Directions for this task: Leave out the pictures and retype, exactly, the lines below from the line with "Blauwe katoenen t-shirt" up to and including the line with "Container ship loaded", nothing more.

Provided entries:
[Start of section]

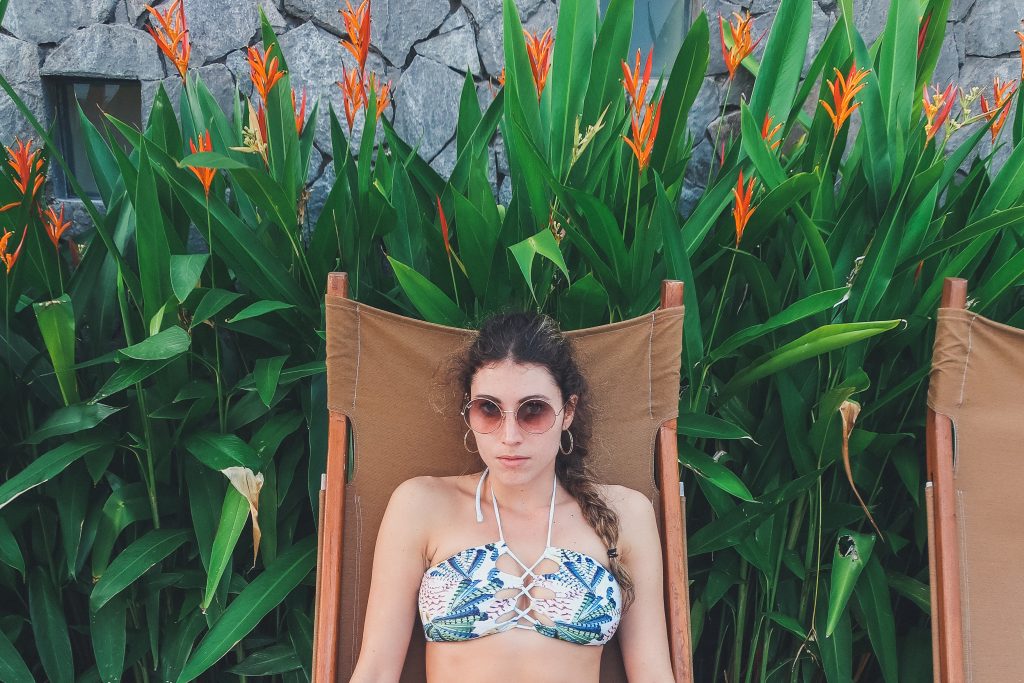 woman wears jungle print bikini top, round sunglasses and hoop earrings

[End of section]
[Start of section]

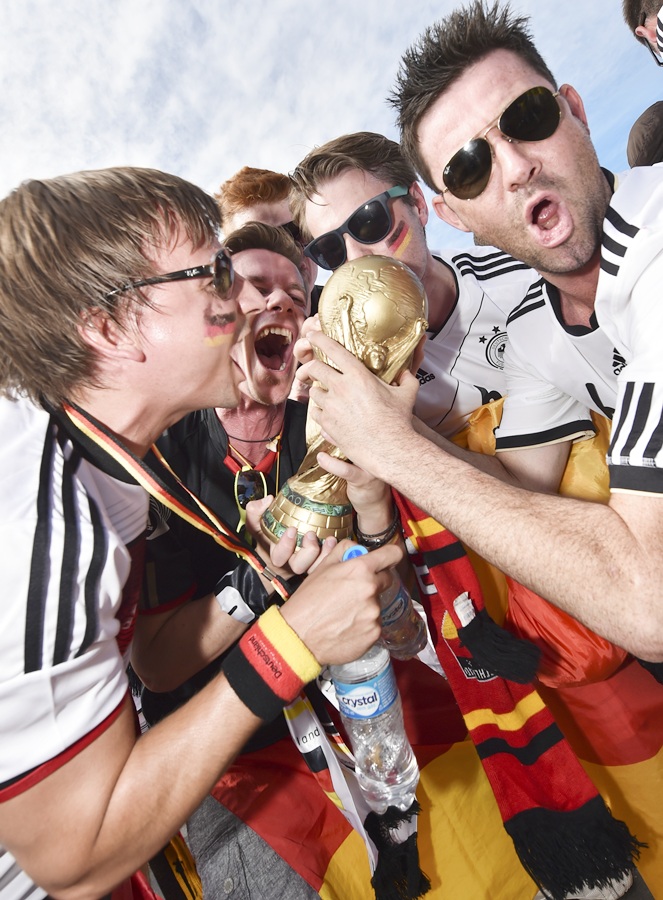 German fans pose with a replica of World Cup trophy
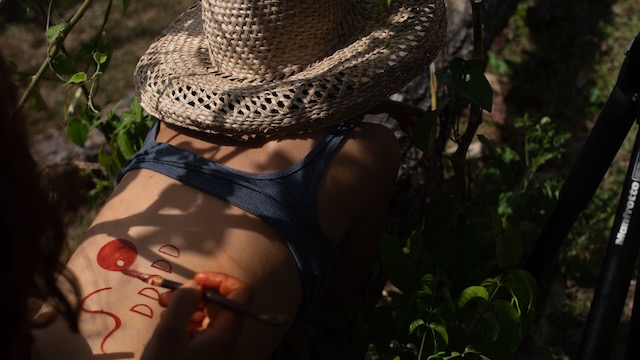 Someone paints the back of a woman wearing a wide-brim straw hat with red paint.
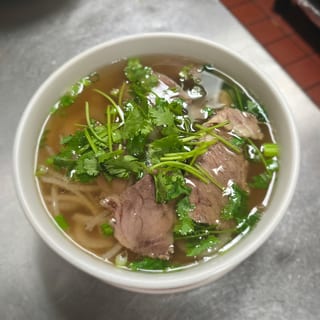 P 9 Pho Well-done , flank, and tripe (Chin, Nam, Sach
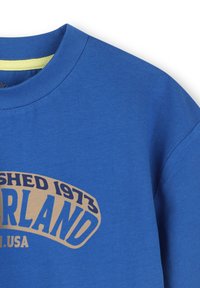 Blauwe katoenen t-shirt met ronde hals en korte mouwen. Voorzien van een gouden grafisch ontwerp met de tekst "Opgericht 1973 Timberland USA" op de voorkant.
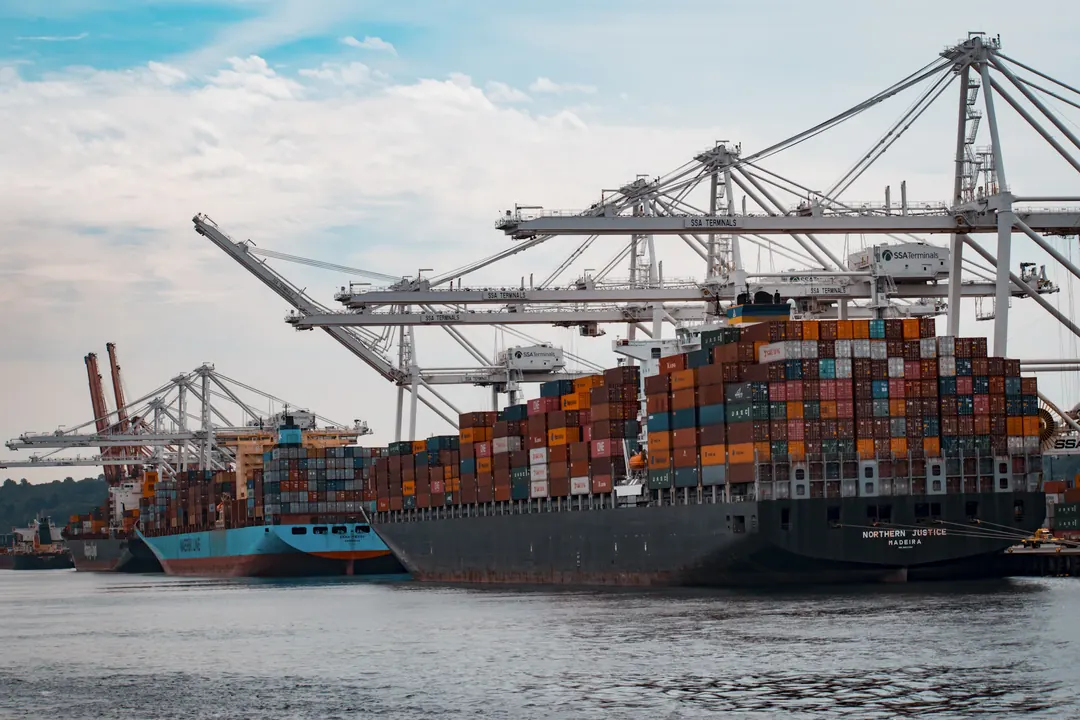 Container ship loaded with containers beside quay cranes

[End of section]

Result for this exercise:
 Blauwe katoenen t-shirt met ronde hals en korte mouwen. Voorzien van een gouden grafisch ontwerp met de tekst "Opgericht 1973 Timberland USA" op de voorkant.
 Container ship loaded with containers beside quay cranes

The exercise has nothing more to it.